STUDY MATERIAL –
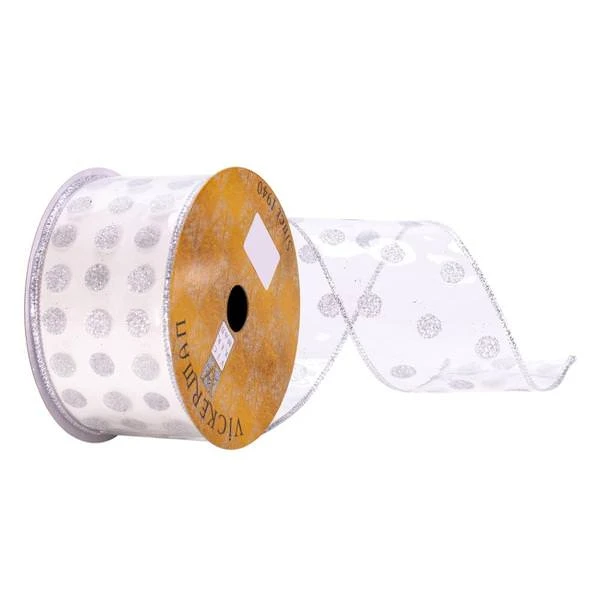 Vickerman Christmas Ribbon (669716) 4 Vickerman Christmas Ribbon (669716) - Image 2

* * *

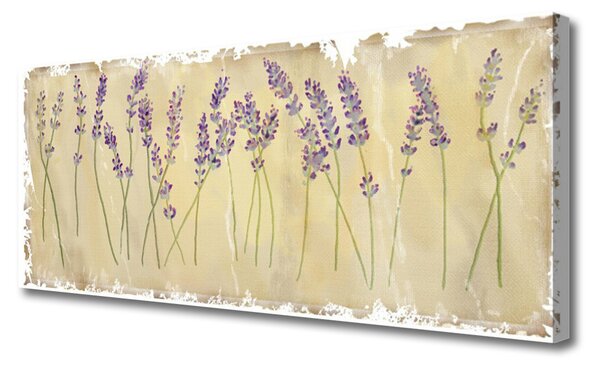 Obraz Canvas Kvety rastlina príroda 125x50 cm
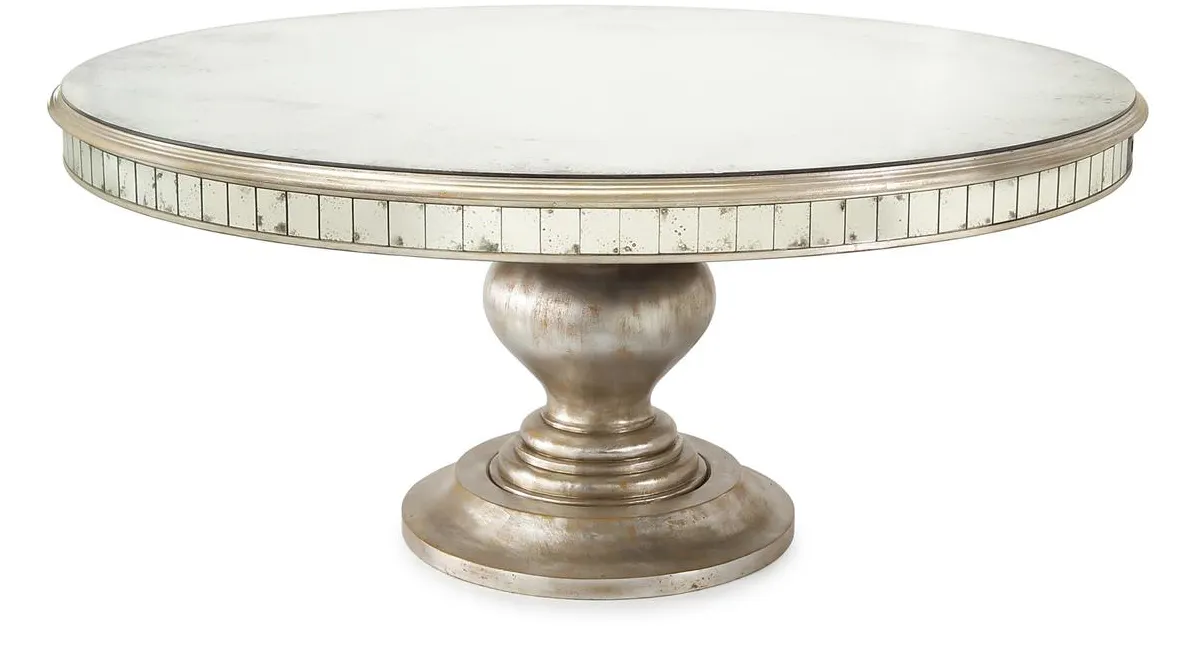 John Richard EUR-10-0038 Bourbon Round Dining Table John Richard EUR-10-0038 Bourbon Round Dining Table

WHAT YOU WILL DO –
Copy nothing but the lines above that run from the one with "Obraz Canvas Kvety" to the one with "John Richard EUR-10-0038 Bourbon Round Dining Table John", ends included; pictures stay out.

REPLY TO THE TASK –
 Obraz Canvas Kvety rastlina príroda 125x50 cm
 John Richard EUR-10-0038 Bourbon Round Dining Table John Richard EUR-10-0038 Bourbon Round Dining Table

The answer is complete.